TIFF Journal: ‘American Honey’

'American Honey'

Movie Rating:

3

‘American Honey’ is a tricky movie because most of its greatest strengths double down as its biggest weaknesses. The American debut from British filmmaker Andrea Arnold (‘Fish Tank‘) is a rambling road odyssey populated primarily by non-actors (plus Shia LeBeouf). The movie is defined more by fleeting moments of atmosphere and character than by plot or structure. There’s nothing wrong with that approach. However, with Arnold’s film tipping in around two hours and forty minutes, the rambling can be a bit much and it never really develops into more than the sum of its parts.

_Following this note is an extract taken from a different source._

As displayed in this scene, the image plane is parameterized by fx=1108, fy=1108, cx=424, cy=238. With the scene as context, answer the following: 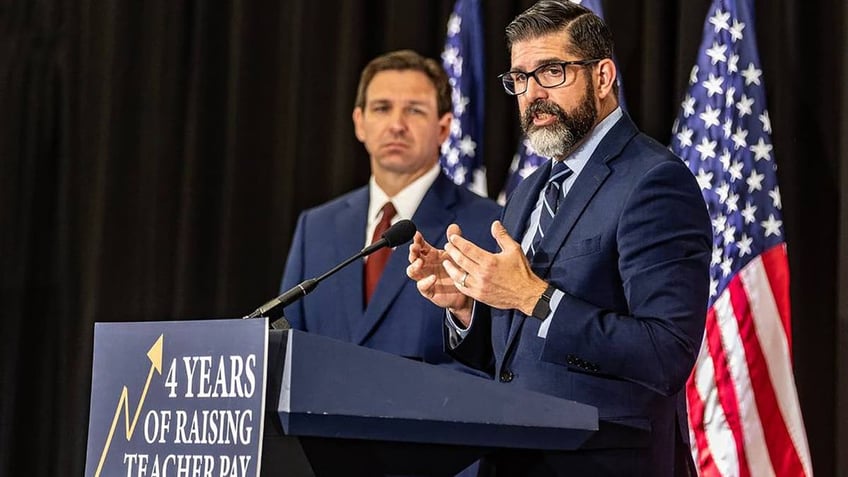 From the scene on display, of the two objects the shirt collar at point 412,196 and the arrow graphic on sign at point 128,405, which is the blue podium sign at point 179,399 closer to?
the arrow graphic on sign at point 128,405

Thankfully, those parts are quite strong. Sasha Lane occupies the center of most scenes as Star, a lost teen with a troubled home life filled with suggestions of abuse, evidence of poverty, and nowhere to go. Salvation arrives in the form of Shia LaBeouf with a ridiculous rattail dancing it up in a Walmart. He’s part of a gang of similarly lost teens who travel around the country selling magazine subscriptions. Since that business isn’t exactly booming, they depend on guilt and manipulation to get their sales, all watched over by an oddly malevolent beach bunny of a boss (Riley Keough from ‘The Girlfriend Experience’). The movie hangs out with the gang once Star finds them, slowly unfurling through a series of loosely connected episodes about young people struggling to find themselves, getting know each other, and seeking out a place in the world.

‘American Honey’ is kind of a coming-of-age movie, but not one that checks off the predictable life lesson arcs. Although Star goes through a series of perspective changing events, no dramatic point is ever lingered on for long. Writer/director Arnold is more interested in the energy, imagery and mumbling conversations of her group of oddball outsiders. Shot in a tight Academy Ratio frame, the movie is an explosion of color for the eyes at all times, dipping through various striking landscapes and strange faces. It’s almost like a friendlier version of a Harmony Korine film, reveling in outsider pockets of American subculture, with the mixture of humanity and oddity found in those places essentially the focus of the film. It’s certainly a unique world that Arnold explores with honesty and wide-eyed fascination. It’s just a shame that her long road leads to nowhere, even if that was the point.